The latest attacks took to 89 the number of civilians killed in air strikes on Idlib province in the past seven days, said the Observatory
Air strikes that hit a school in rebel-held Idlib province in northwest Syria killed 22 children and six teachers, the UN children's agency UNICEF said Wednesday.
"This is a tragedy. It is an outrage. And if deliberate, it is a war crime," said UNICEF director Anthony Lake.
The Syrian Observatory for Human Rights said "warplanes -- either Russia or Syrian -- carried out six strikes" in the village of Hass, including on a school complex, killing at least 35 civilians including 11 schoolchildren.
Lake said the school compound was "repeatedly attacked," adding that it may be the deadliest attack on a school since the war began more than five years ago.
"When will the world's revulsion at such barbarity be matched by insistence that this must stop?" added the UNICEF director.
Asked about the attack, Russia's UN ambassador Vitaly Churkin responded: "It's horrible, horrible. I hope we were not involved."
Syrian government forces and their Russian ally have been accused by rights groups of carrying out indiscriminate attacks on civilian infrastructure.
The White Helmets civil defence group released pictures of four rescue workers clambering over a mound of rubble in search of survivors after what it said was a "double-tap" strike on the school.
The raids hit Hass around 11:30 am (0830 GMT), an activist with the opposition Idlib Media Centre told AFP.
"One rocket hit the entrance of the school as students were leaving to go home, after the school administration decided to end classes for the day because of the raids," the activist said, speaking on condition of anonymity.
Other activists from the province circulated a photograph on social media of a child's arm, seared off above the elbow, still clutching the strap of a dusty black rucksack.

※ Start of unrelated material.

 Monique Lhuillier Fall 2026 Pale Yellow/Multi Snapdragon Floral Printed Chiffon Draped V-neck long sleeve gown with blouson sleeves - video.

Shaky video footage depicted rescue workers sprinting towards the site of the raids and pulling a frail, elderly man out of a collapsed building.
The authenticity of the pictures and footage could not be independently verified.
The latest attacks took to 89 the number of civilians killed in air strikes on Idlib province in the past seven days, said the Observatory.
A leading opposition group condemned the raids.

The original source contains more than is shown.